Uncompressing the file

Before I go any further with the compressor, let's make sure that I can reconstitute the file: read the compressed file, decompress the data, and write a duplicate of the original file.

The strategy for decompressing is exactly reversed from compressing:

Open input file
Open output file
Do
  Read the compressed block size
  if block size != 0 then
    Read the compressed bytes
    Decompress
    Write decompressed bytes
  end if
Until block size = 0

After writing the compress program, the uncompress program is almost trivial:

class sdecomp
{
  const string inputFilename = "outfile.zzz";
  const string outputFilename = "decomp.txt";

  const int bufferSize = 64 * 1024;
  static void Main(string[] args)
  {
    DateTime startTime = DateTime.Now;
    using (Stream strmIn = File.OpenRead(inputFilename))
    {
      using (BinaryReader reader = new BinaryReader(strmIn))
      {
        using (Stream strmOut = File.Create(outputFilename))
        {
          byte[] outputBuffer = new byte[bufferSize];
          byte[] inputBuffer = new byte[bufferSize];
          using (MemoryStream ms = new MemoryStream(inputBuffer, false))
          {
            int compressedSize = 0;
            while ((compressedSize = ReadInput(inputBuffer, reader)) != 0)
            {
              ms.Position = 0;
              int uncompressedSize = Uncompress(ms, outputBuffer);
              Write(outputBuffer, uncompressedSize, strmOut);
            }
          }
        }
      }
    }
    TimeSpan totalElapsed = DateTime.Now - startTime;
    Console.WriteLine("Completed in {0:N4} seconds", totalElapsed.TotalSeconds);
    Console.Write("Press Enter:");
    Console.ReadLine();
  }

  // Read the next block into the buffer.
  // Returns the size of the compressed block.
  private static int ReadInput(byte[] buff, BinaryReader reader)
  {
    DateTime startTime = DateTime.Now;
    int compressedSize = reader.ReadInt32();
    reader.Read(buff, 0, compressedSize);
    Console.WriteLine("Read {0:N0} bytes: {1:N0} ms", 
      compressedSize, (DateTime.Now - startTime).TotalMilliseconds);
    return compressedSize;
  }

  // Uncompress nBytes from the passed stream to outputBuffer
  // Returns the number of uncompressed bytes written to the output buffer
  private static int Uncompress(Stream s, byte[] outputBuffer)
  {
    DateTime startTime = DateTime.Now;
    int uncompressedSize;
    using (DeflateStream ds = new DeflateStream(s, CompressionMode.Decompress, true))
    {
      uncompressedSize = ds.Read(outputBuffer, 0, outputBuffer.Length);
    }
    Console.WriteLine("Uncompress {0:N0} bytes: {1:N0} ms", uncompressedSize, 
      (DateTime.Now - startTime).TotalMilliseconds);
    return uncompressedSize;
  }

  // Write nBytes from buff to the stream.
  private static void Write(byte[] buff, int nBytes, Stream strmOut)
  {
    DateTime startTime = DateTime.Now;
    strmOut.Write(buff, 0, nBytes);
    Console.WriteLine("Write {0:N0} bytes: {1:N0} ms", nBytes,
      (DateTime.Now - startTime).TotalMilliseconds);
  }
}

You should run that program against the output from the compression program, and compare the uncompressed output with the original input. If the files aren't identical, then something's wrong with one or both of the programs.

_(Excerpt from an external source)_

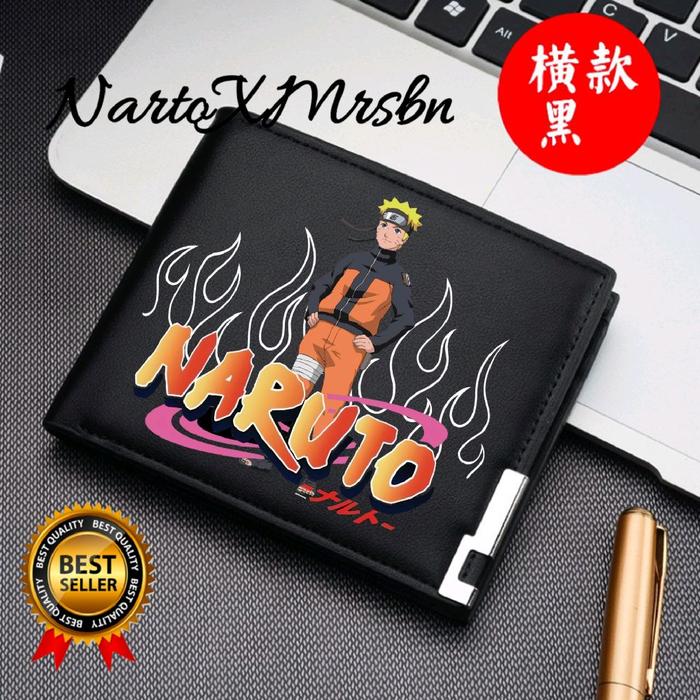 Dompet Pria/Remaja Lipat Bahan Kulit Gambar Naruto Tim 7 Model Keren - Warna Hitam, 2 Sekat Uang Ker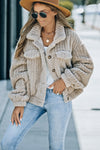 Khaki Solid Color Plush Fleece Button up Jacket-Outerwear-MomFashion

Once I confirmed that both programs worked as expected, I increased the buffer size from 64 kilobytes to 64 megabytes, which is a more reasonable chunk size when working with multi-gigabyte files. 64 megabytes is large enough that it doesn't require too many blocks (16 per gigabyte), but small enough that a single block can be read from the disk very quickly. In addition, the compressor (DeflateStream) can compress a 64-megabyte block in just a few seconds. It's a very convenient size.

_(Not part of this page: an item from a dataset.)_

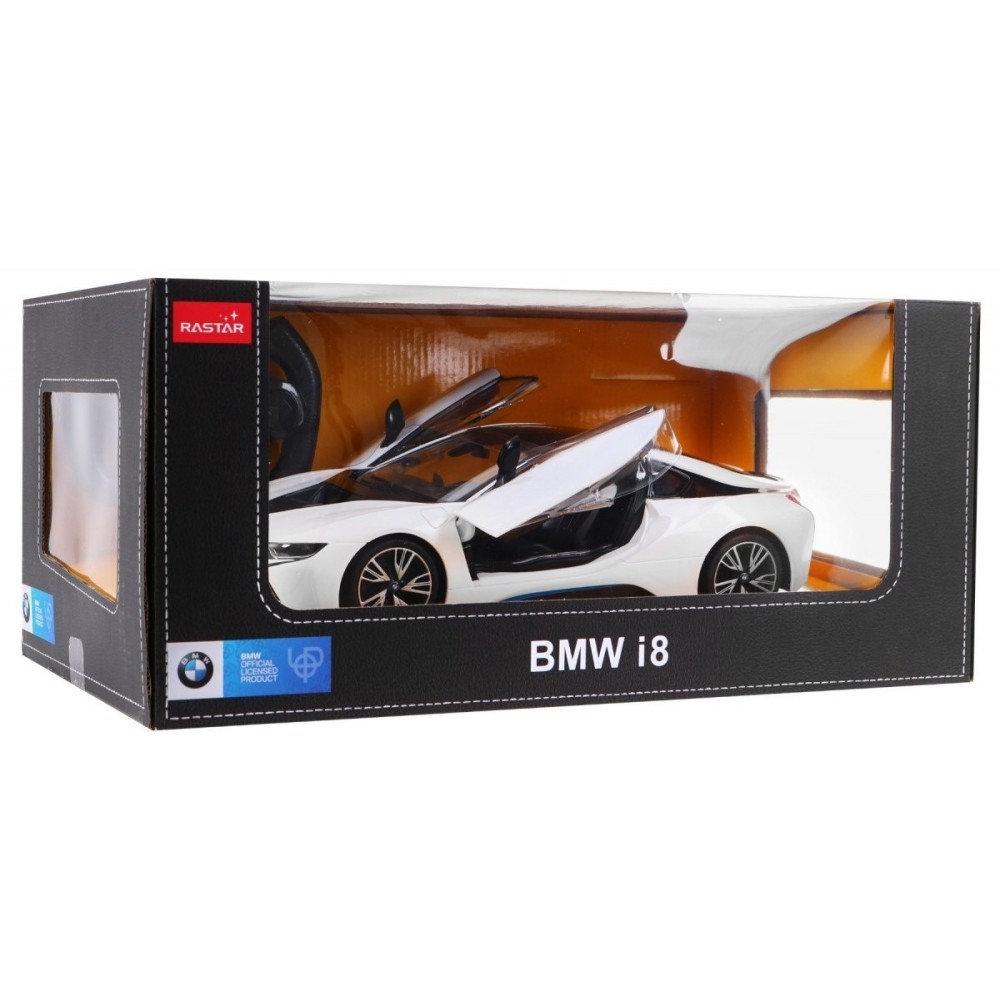 RASTAR RC Auto BMW i8 1:14 + Automatické Dvere na diaľkové ovládanie + LED svetlo, biele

These simple large file compressor and uncompressor programs are surprisingly useful. They lack some niceties like error detection and correction, and they don't have any kind of "archive" capability like the Zip format does, but I've found them very useful for compressing our large XML log files that we have to hang on to for a while.